## Supplied material
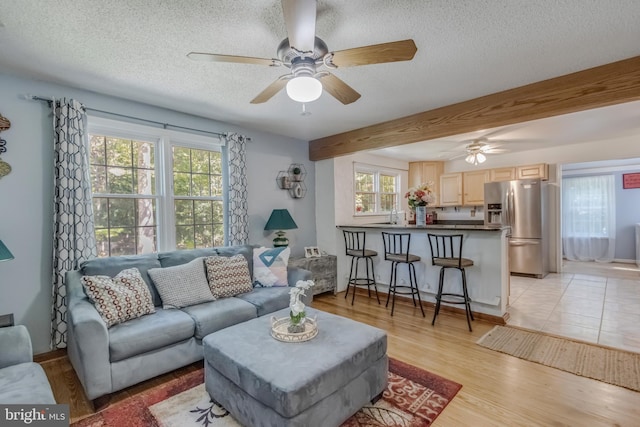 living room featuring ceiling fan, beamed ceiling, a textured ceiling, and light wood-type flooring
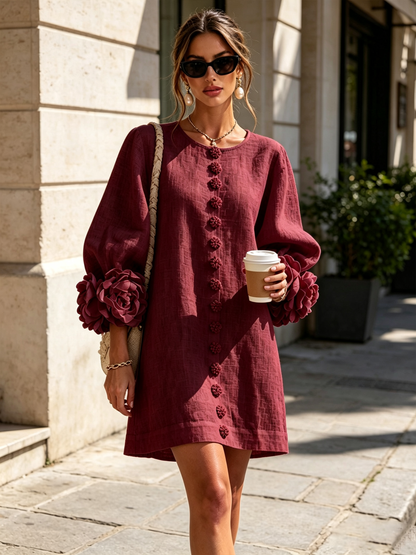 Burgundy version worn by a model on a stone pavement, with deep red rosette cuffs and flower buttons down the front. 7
...
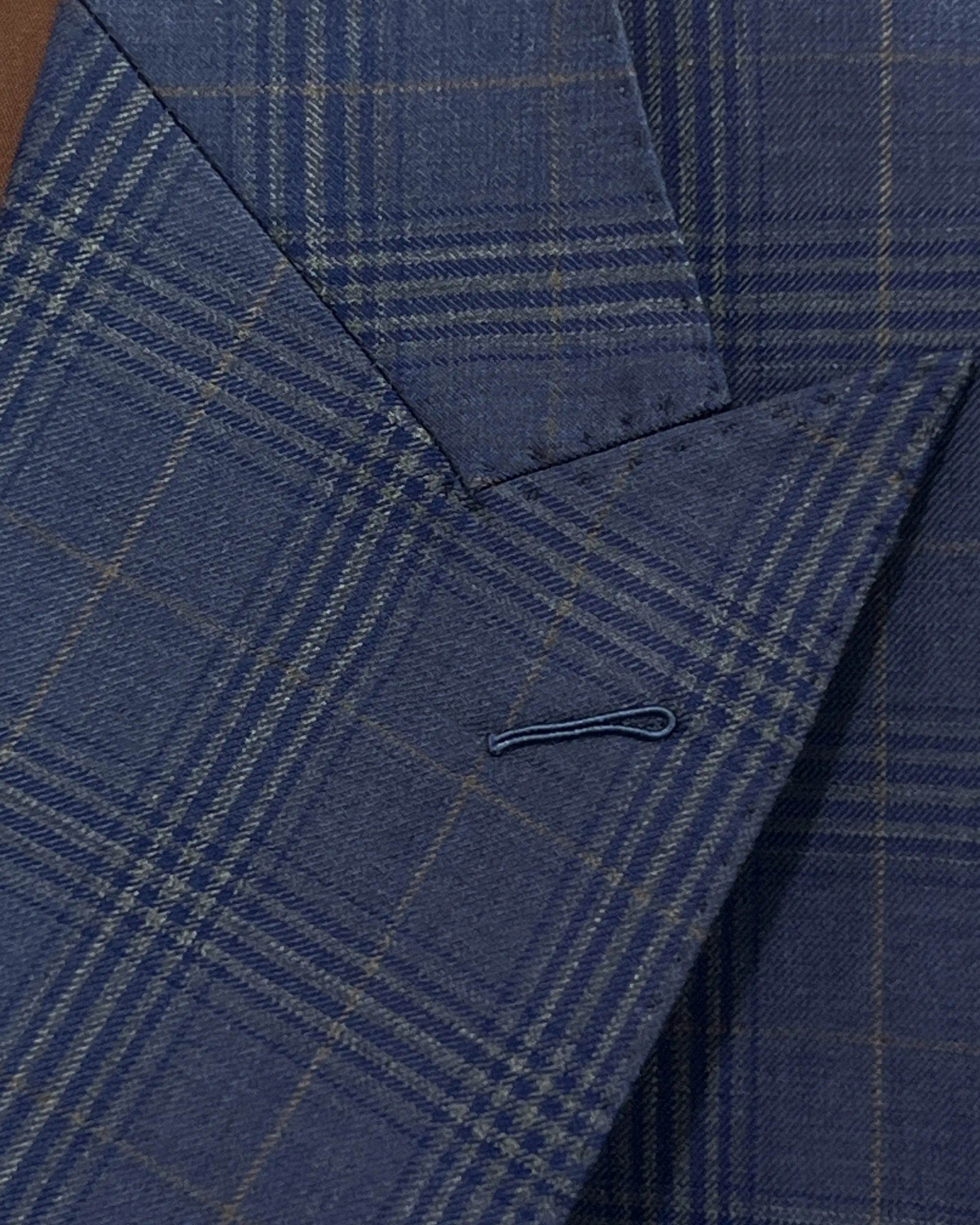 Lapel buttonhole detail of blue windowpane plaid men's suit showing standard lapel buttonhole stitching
==
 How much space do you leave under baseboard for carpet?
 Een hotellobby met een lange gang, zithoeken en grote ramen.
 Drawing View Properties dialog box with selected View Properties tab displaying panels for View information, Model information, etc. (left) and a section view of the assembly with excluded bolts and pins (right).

## What to work on
Copy only this part of the entries above: the line with "Een hotellobby met", the line with "Drawing View Properties", and the lines between, all exactly as written.

## The answer
 Een hotellobby met een lange gang, zithoeken en grote ramen.
 Drawing View Properties dialog box with selected View Properties tab displaying panels for View information, Model information, etc. (left) and a section view of the assembly with excluded bolts and pins (right).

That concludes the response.